1981
She Shared Her Poverty
July 1981


“She Shared Her Poverty,” Tambuli, July 1981, 25

She Shared Her Poverty

It was a cold winter day in February when I knocked on Sister Chandler’s door. “Hello,” I called, opening the door a little in case she couldn’t hear me. “Are you sleeping?”

Sister Chandler moved slowly from her kitchen to answer the door. She was small and bent, and walked with a slight limp. Her long cotton dress was stained, as always, from carrying coal to her pot-bellied stove, which demanded constant attention to keep her small home warm. Her white hair, also coal stained, framed a face tired from seventy-nine years of troubles. But it was also a serene face, because as long as she had enough coal to keep her house warm during the winter and a little food she had everything she needed to be happy.

I remembered how I had stared in disbelief when I first learned that she lived on a meager $59 a month. There were only two rooms in the house. The first room contained the temperamental stove, a double bed, a worn-out couch, and a set of broken dresser drawers. The other room, the kitchen, had a small cook-stove, a table and two chairs, and a side shelf for pots and pans and the storage of a little food. When we first met her she had no running water and no bathroom.

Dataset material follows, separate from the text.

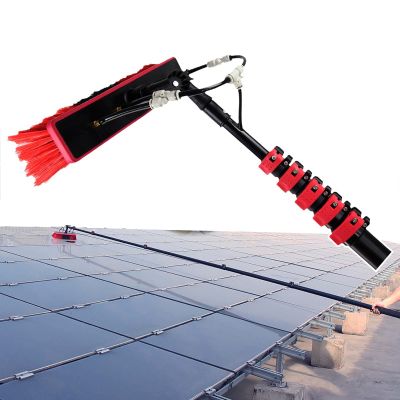 Window Cleaning Pole, 3.6 m, 5.4 m, 6 m, 7.2 m, 9 m, 10.8 m, 9 m/30 ft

During the years my husband had served as her home teacher, we had visited her often. When we visited in the evening the house would invariably be dark. The one bare light globe would turn on when we knocked and turn off immediately when we began to drive away.

Sister Chandler had joined the Church as a new bride—her husband was already a member—and she recalled the days when there was no branch or stake. Their only contact with the Church was an occasional traveling missionary or two. But she had always remained faithful and once told how her testimony had sustained her through the deaths of her two daughters during the influenza epidemic of 1918.

In the few short months I had been Relief Society president I had never heard her complain about her circumstances nor ask for any help from the Church. But we helped her with food when her money ran out, and near the end of the month, a week or so before her Social Security check came, I always tried to visit her to see how she was doing.

Now Sister Chandler’s eyes were sparkling because she had a visitor. “Come in!” she said. “I was just having lunch.” She was shy; she always spoke just above a whisper.

“Please don’t let me stop you. I’ll just talk with you while you eat,” I said.

I took her gently by the elbow and we began to walk slowly toward the kitchen. As we passed the bureau she stopped to get something out of the top drawer. I looked quickly at her lunch. It consisted of a little flour and water that had been made into a kind of white gruel, nothing more.

“Sister Chandler, is that all you have in the house to eat?”

“Yes, that’s all, but it doesn’t matter. My check will be here in a day or two. Please, will you take this to the bishop?” She thrust a wrinkled tithing envelope into my hand. “I didn’t have home teachers this month and I can’t go to church myself anymore. It’s my tithing. Please take it to him.”

I stood staring at the gray envelope. Everything inside of me wanted to cry out, “No, no. The Lord doesn’t expect you to pay tithing!” But one small voice deep inside whispered, “Don’t deny this soul the blessings.”

I struggled not to cry as I quickly said good-bye and ran to the car to arrange for some groceries for her.

Sister Chandler is gone now, but I will always remember the great lesson she taught me about sacrifice and devotion—it was easier for her to go hungry than to neglect her obligations to the Lord.